HOW TO COMPLETE THIS TASK ->
Where the data below shows a picture, leave that picture out and copy the rest exactly.

SUPPLIED MATERIAL ->
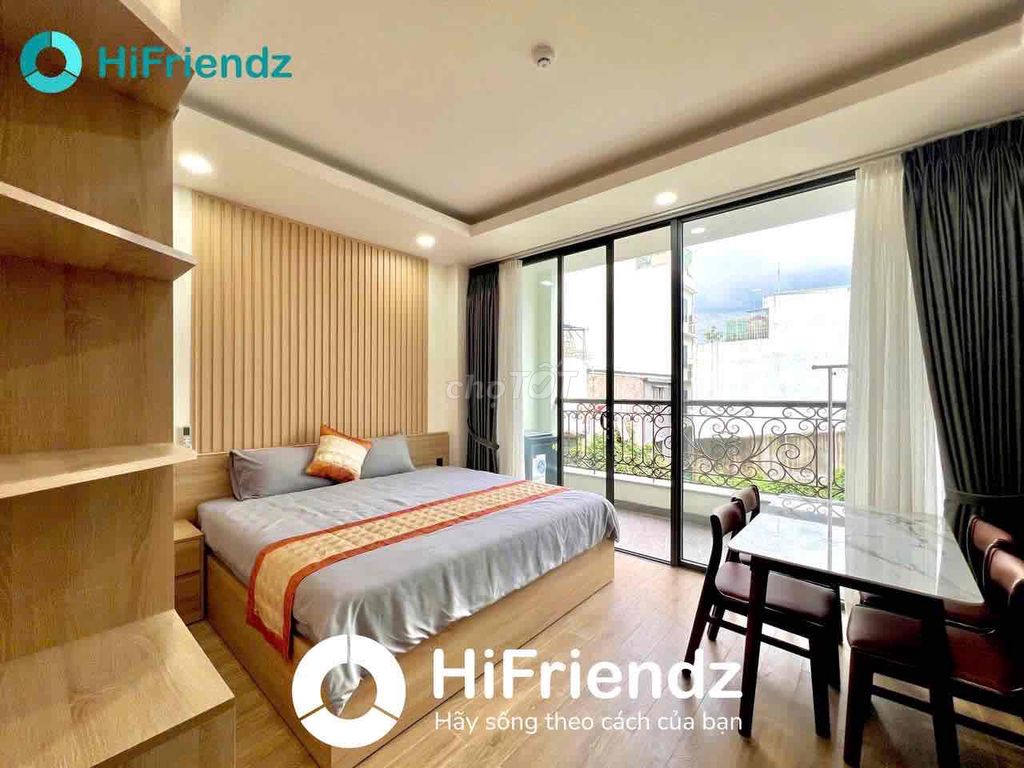 Căn hộ Studio/1PN gần nhà ga T3 và Etown Cộng Hoà - Giá chỉ từ 5,7 triệu!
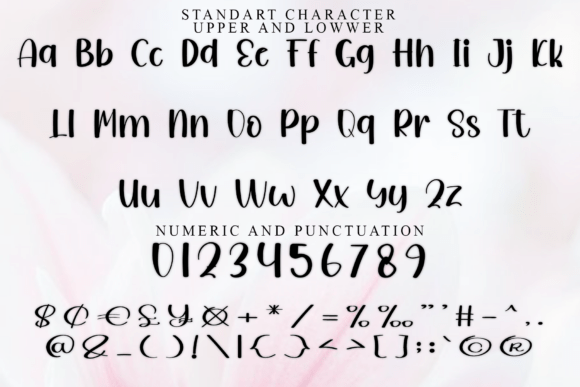 Honey Sweety Font - Preview 5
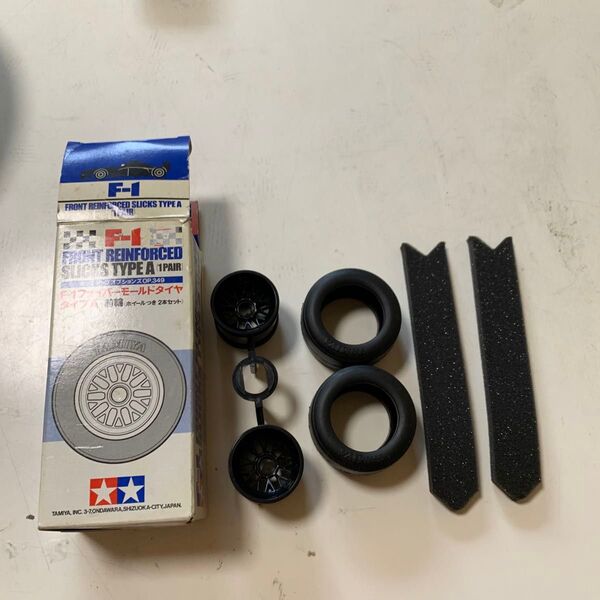 TAMIYA F1ファイバーモールドタイヤ タイプA 前輪 OP.349 未使用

ANSWER FOR THE TASK ->
 Căn hộ Studio/1PN gần nhà ga T3 và Etown Cộng Hoà - Giá chỉ từ 5,7 triệu!
 Honey Sweety Font - Preview 5
 TAMIYA F1ファイバーモールドタイヤ タイプA 前輪 OP.349 未使用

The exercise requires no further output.